(Stored data)
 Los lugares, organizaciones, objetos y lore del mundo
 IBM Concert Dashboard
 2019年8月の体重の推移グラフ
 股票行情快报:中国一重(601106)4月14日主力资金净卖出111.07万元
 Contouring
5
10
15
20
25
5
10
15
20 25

* * *

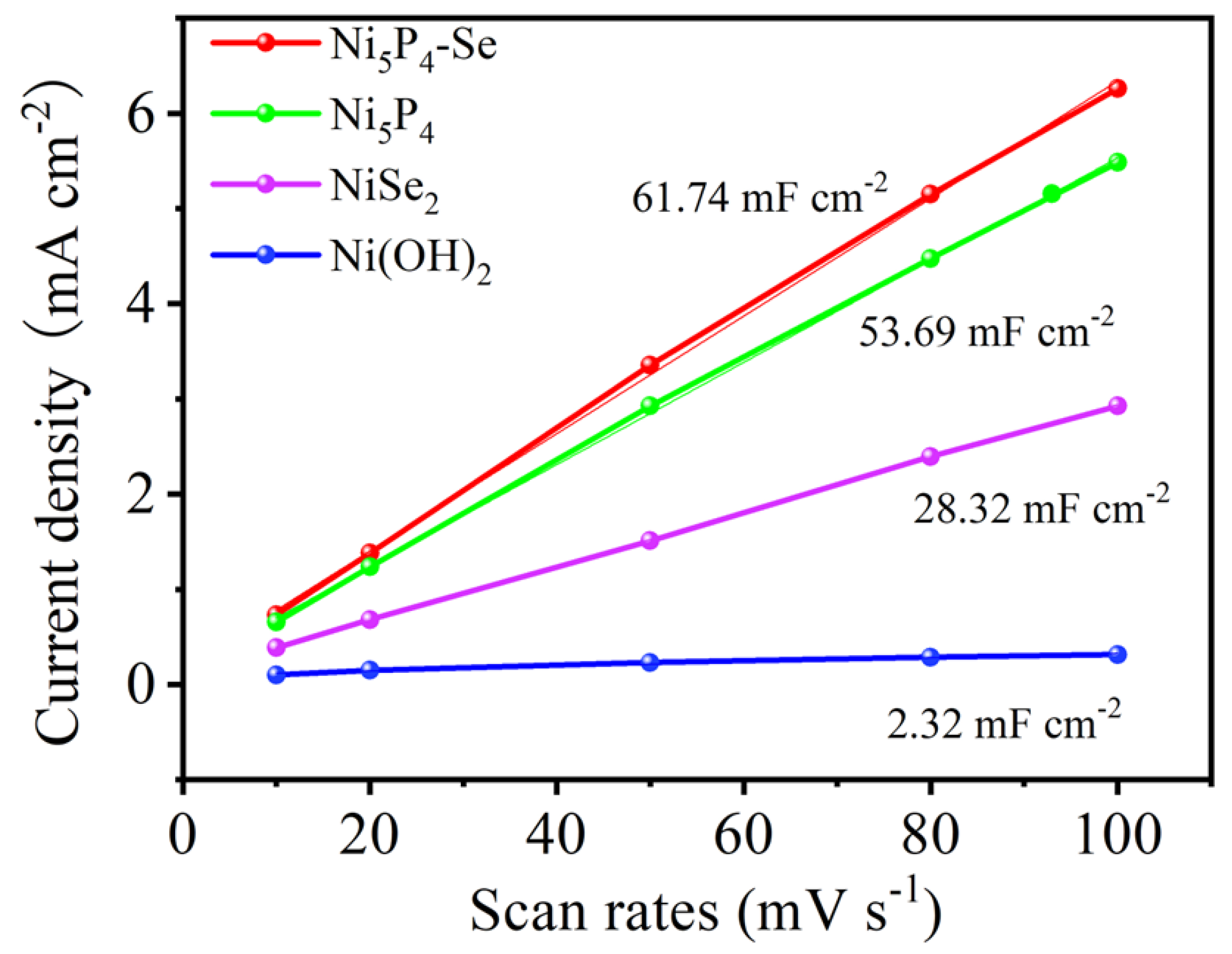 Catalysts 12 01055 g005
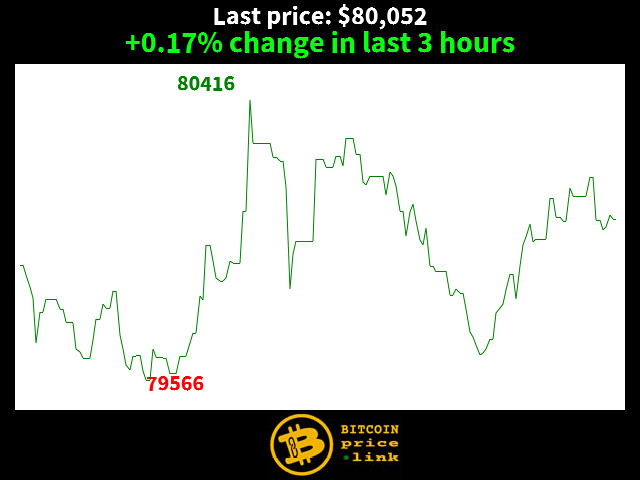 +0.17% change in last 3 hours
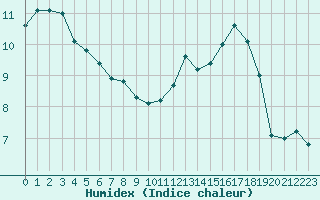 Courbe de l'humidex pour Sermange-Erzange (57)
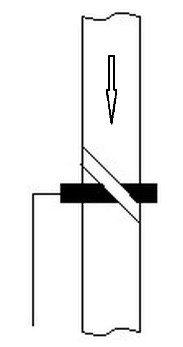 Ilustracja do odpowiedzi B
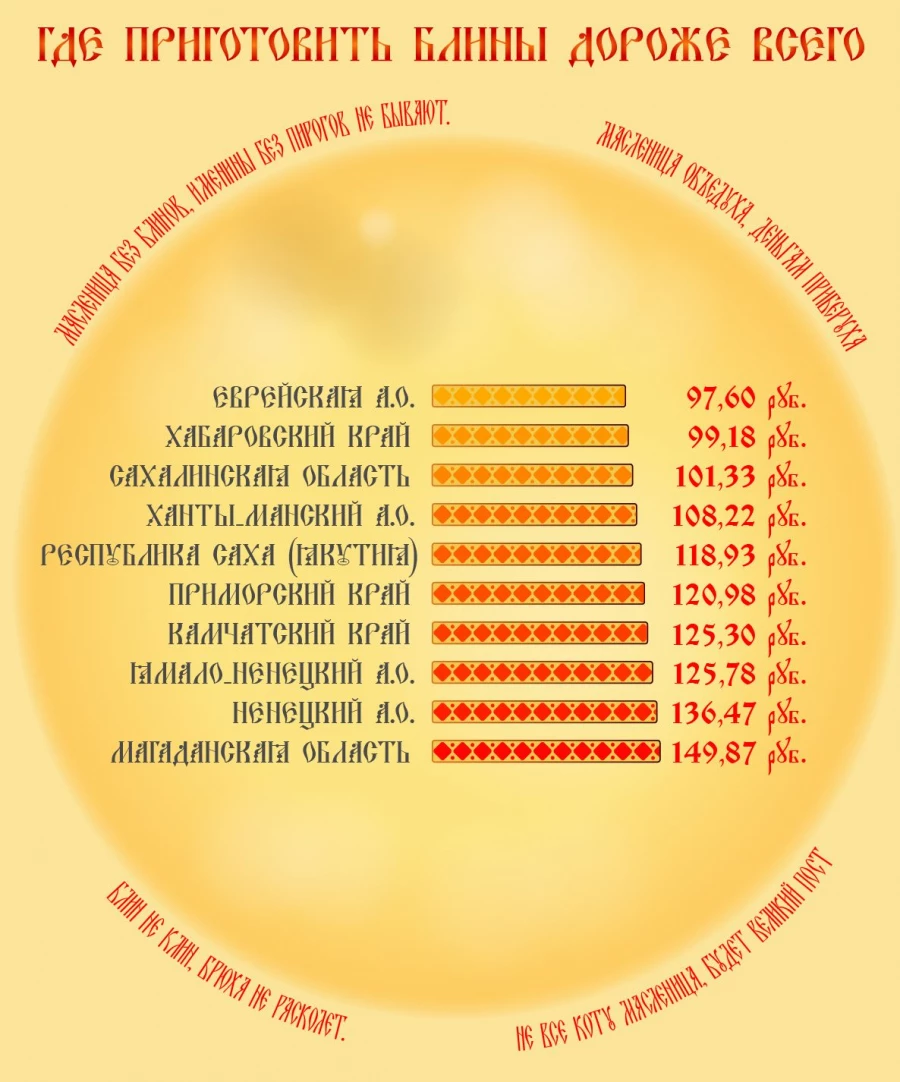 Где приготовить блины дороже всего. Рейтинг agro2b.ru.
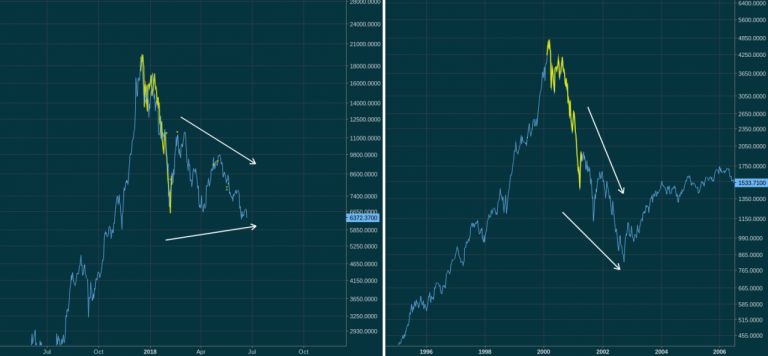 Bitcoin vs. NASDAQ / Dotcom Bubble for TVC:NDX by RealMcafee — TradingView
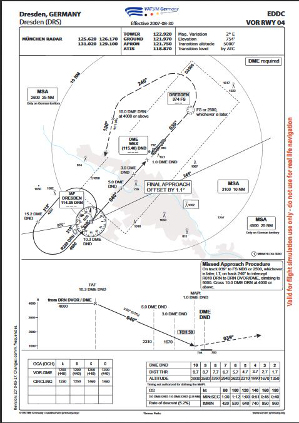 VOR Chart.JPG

= What the task requires =
Retype only the lines above from the one with "Catalysts 12 01055 g005" through the one with "VOR Chart.JPG", exactly and with both ends. Images stay out.

= Response for this exercise =
 Catalysts 12 01055 g005
 +0.17% change in last 3 hours
 Courbe de l'humidex pour Sermange-Erzange (57)
 Ilustracja do odpowiedzi B
 Где приготовить блины дороже всего. Рейтинг agro2b.ru.
 Bitcoin vs. NASDAQ / Dotcom Bubble for TVC:NDX by RealMcafee — TradingView
 VOR Chart.JPG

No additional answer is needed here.